Ooh, I like what ello said: Start with successful MBA wakes up beaten up in a psych ward... Then move quickly through how hypnosis helps him discover the plot sending him on a mission to uncover evidence to clear his name.

Cut to the chase, yes. But I'd still like to see the ghosts well before the 4th paragraph.

Just my 2 cents, naturally. :-)


none said...

My problem with the hypnotherapist is firstly, how can they know whether what they retrieve is memory, dream, hallucination, fantasy, fragments of some tv show or book from the MBA's past, or whatever? The other problem is that what's "recovered" during hypnotherapy bypasses the protections in the brain that enable us to distinguish between real memories of things that have happened to us, and fantasies, dreams, hallucinations, etc. I think the MBA would probably end up more confused, not less.
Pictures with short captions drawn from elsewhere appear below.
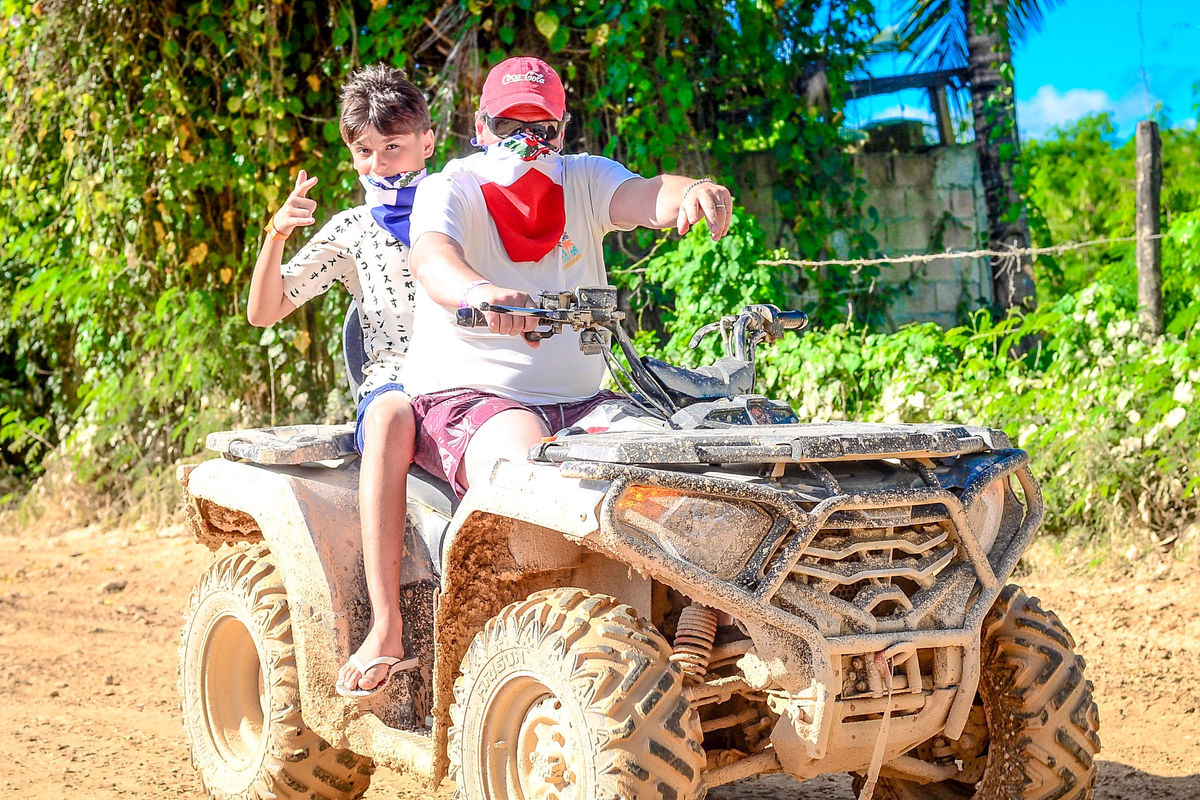 Punta Cana Kids riding ATV in Punta Cana jungle adventure, fun outdoor activity for families.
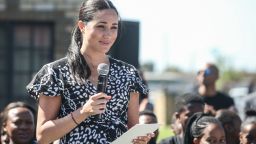 Meghan, Duchess of Sussex gives a speech during a visit to the "Justice desk", an NGO in the township of Nyanga in Cape Town, as they begin their tour of the region on September 23, 2019. - Britain's Prince Harry and his wife Meghan arrived in South Africa on September 23, launching their first official family visit in the coastal city of Cape Town. The 10-day trip began with an education workshop in Nyanga, a township crippled by gang violence and crime that sits on the outskirts of the city. (Photo by Betram MALGAS / various sources / AFP)        (Photo credit should read BETRAM MALGAS/AFP/Getty Images)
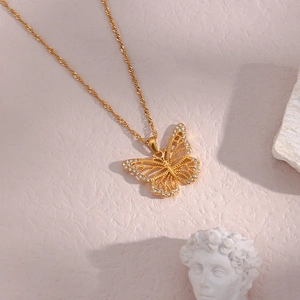 Detailed view of a gold-plated butterfly pendant featuring sparkling white zircon stones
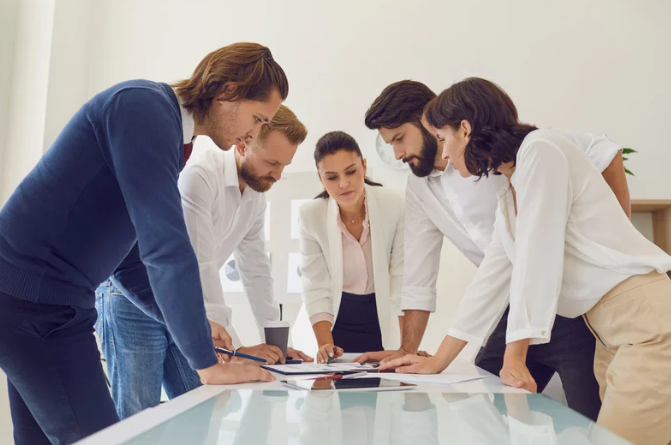  Group of coworkers around a table 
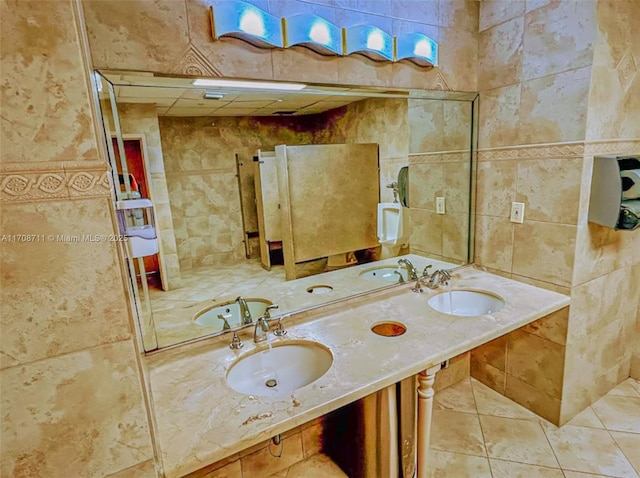 bathroom featuring tile patterned floors, tile walls, and double sink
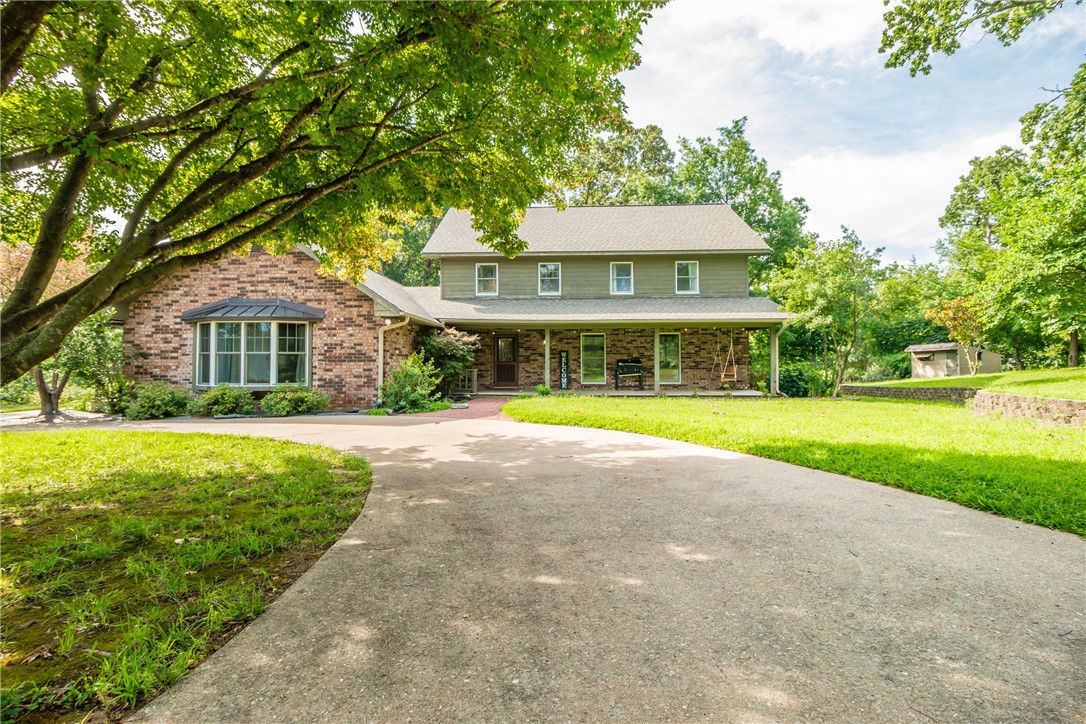 Welcome to 3168 Ozark Acres Drive, a rare 3.41 acre estate located minutes away from all the area favorites. A dreamy, tree-lined drive leads to the southern living style home with a welcoming front porch overlooking picturesque equestrian farmland. The 3,701 sf home features wide plank hardwood flooring, custom millwork, wood windows & doors filtering in natural light, updated lighting, & gorgeous property views from every room. The main level features two living areas, formal dining room with wainscoting, a charming kitchen reflecting a true farmhouse style, spacious utility/mudroom, & a bonus recreation room. The second level hosts the primary ensuite with 3 additional bedrooms and a full bath, while the third level offers a large bonus room with a 5th bedroom & bathroom. Step outside to an expansive deck, fenced-in garden area, & 4-stall horse barn with electricity, Dutch stall doors, tack storage area, groom room & wash stall. This home offers an unmatched lifestyle for the whole family! Property sold As Is.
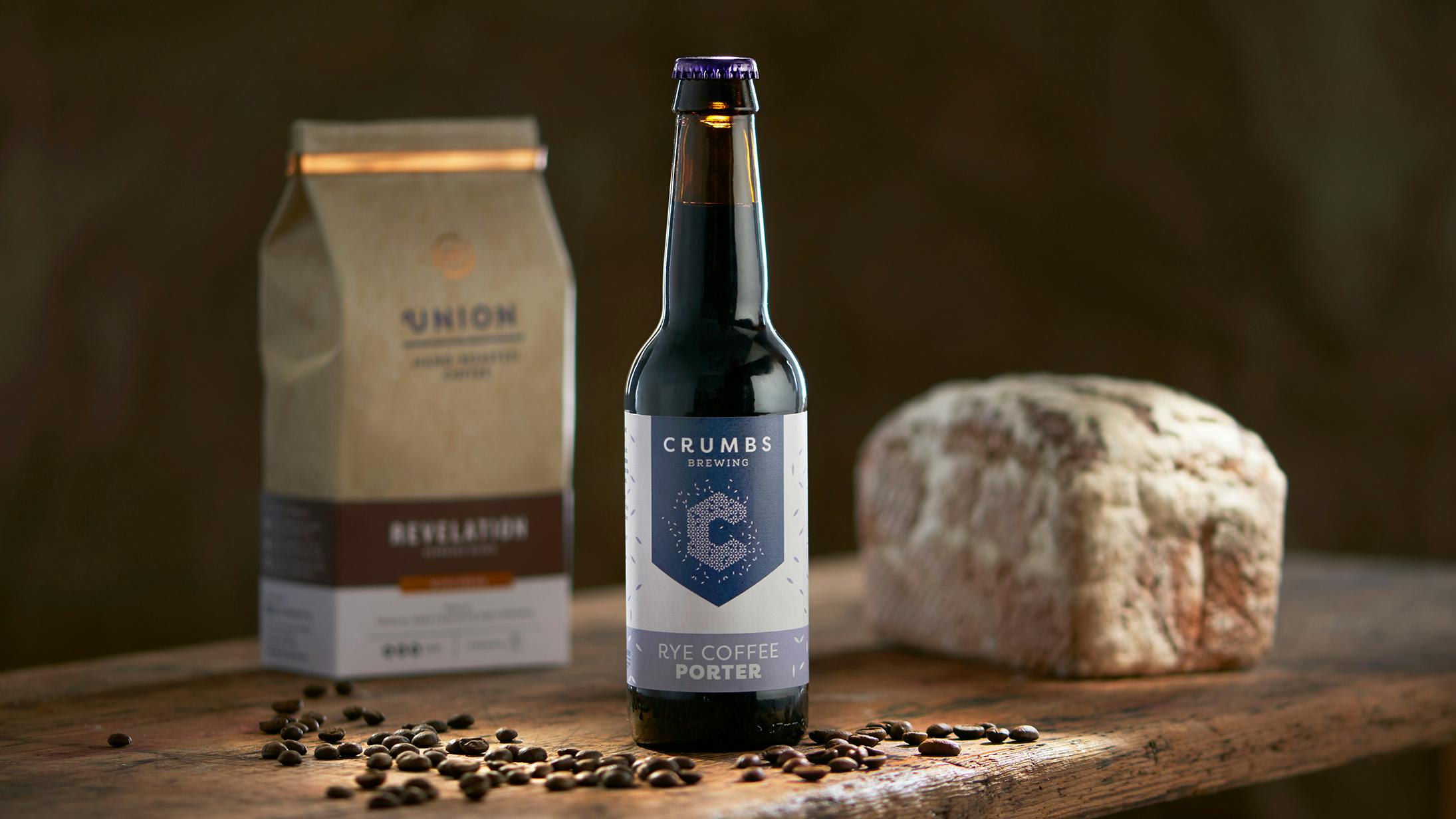 a Crumbs Rye Coffee Porter in-front of a loaf of bread and coffee bag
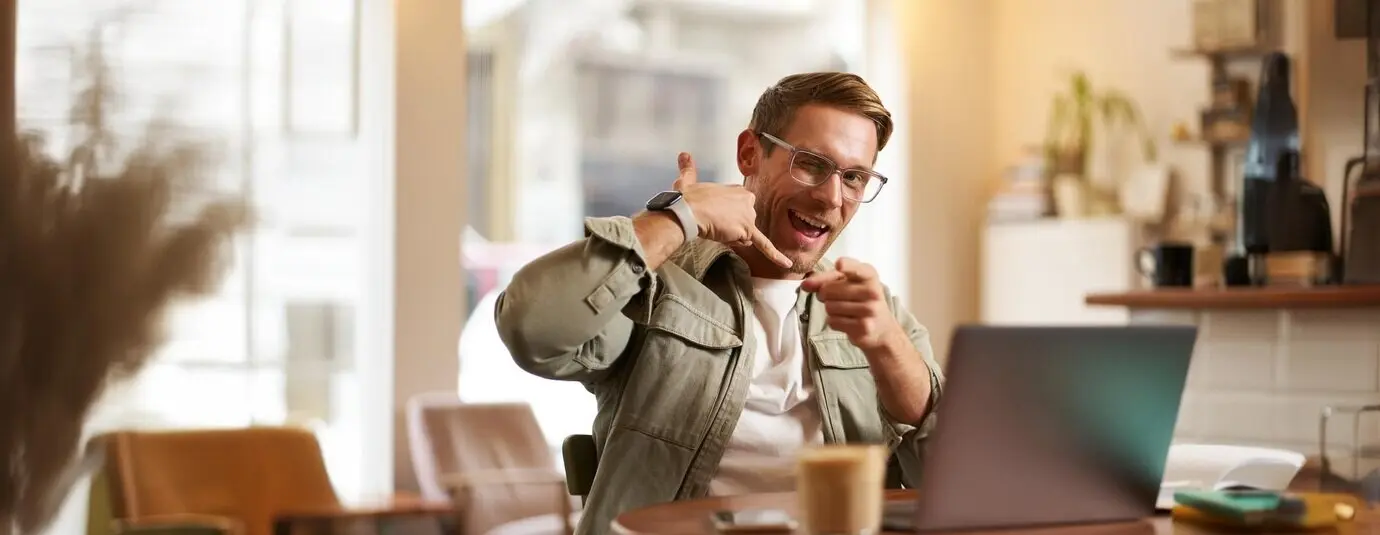 Retrato de un chico alegre y coqueto con gafas, sentado con una computadora portátil en una cafetería, indicando una llamada telefónica.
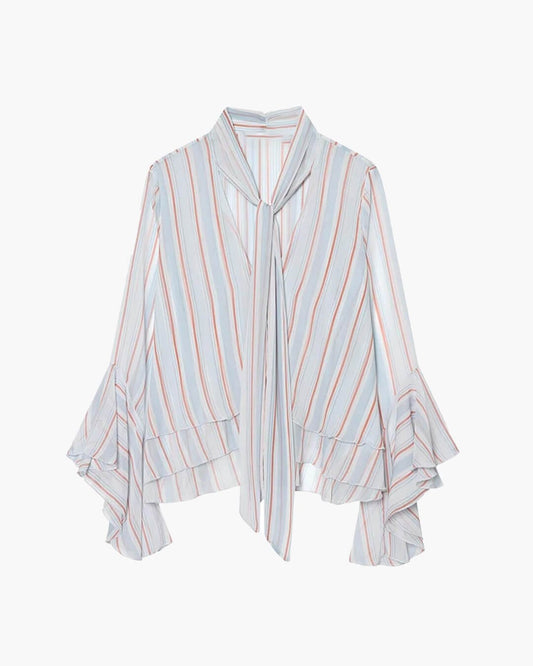<h2>Lucy Stripe Ruffle Tie-Neck Blouse für Frauen</h2>

<p>Die Schleife am Halsausschnitt ist nicht nur Dekoration. Sie ist das Detail, das einen einfachen Streifen in etwas Absichtliches verwandelt. Broadcloth-Polyester hält seine Struktur den ganzen Tag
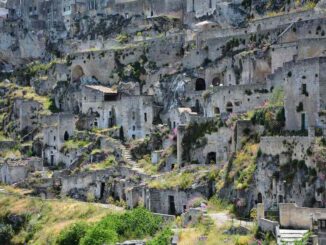 Habitations troglodytes incrustées dans une falaise rocheuse, verdure éparse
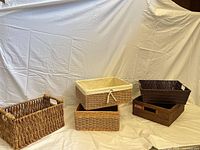Group shot of four rectangular wicker and rattan baskets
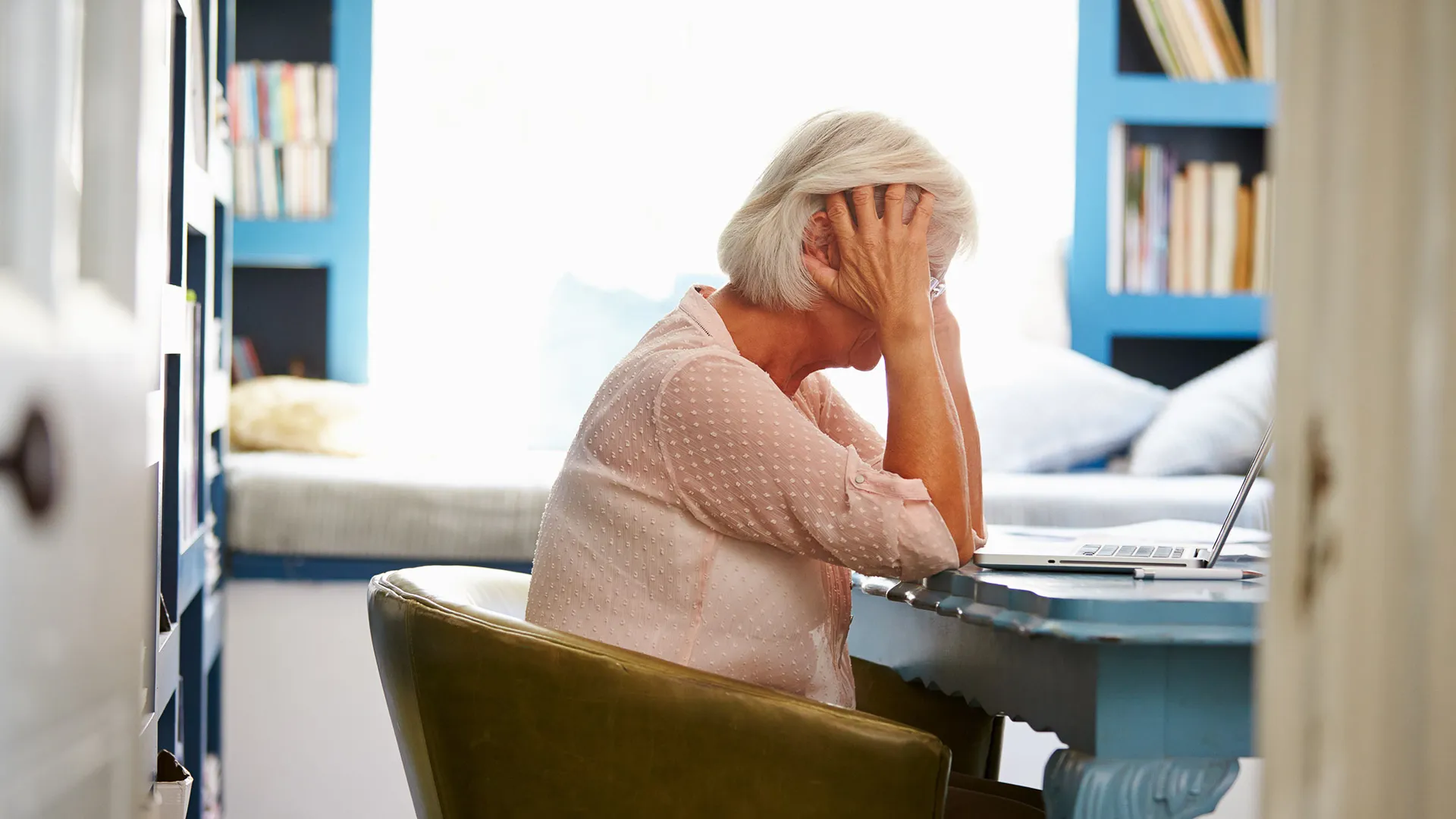 Stressed Senior Woman with laptop.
But then I'm a hypno-cynic.

Anonymous said...

That's the beauty of the hypnosis theme; it's not reliable. In my book, when Thomas comes out of his trance, he and his therapist must determine whether his experiences with the ghosts were real - or the product of inherited paranoid schizophrenia !

Evil Editor said...

I think we can be pretty sure it was real. If your agent or editor gets to the end of your book and discovers the whole thing was a dream, or a schizophrenic hallucination, she'll be wishing she'd read the last chapter first and saved herself 88,000 words.

none said...

Probably I should read the book before arguing any more :). Hurry up and get it published!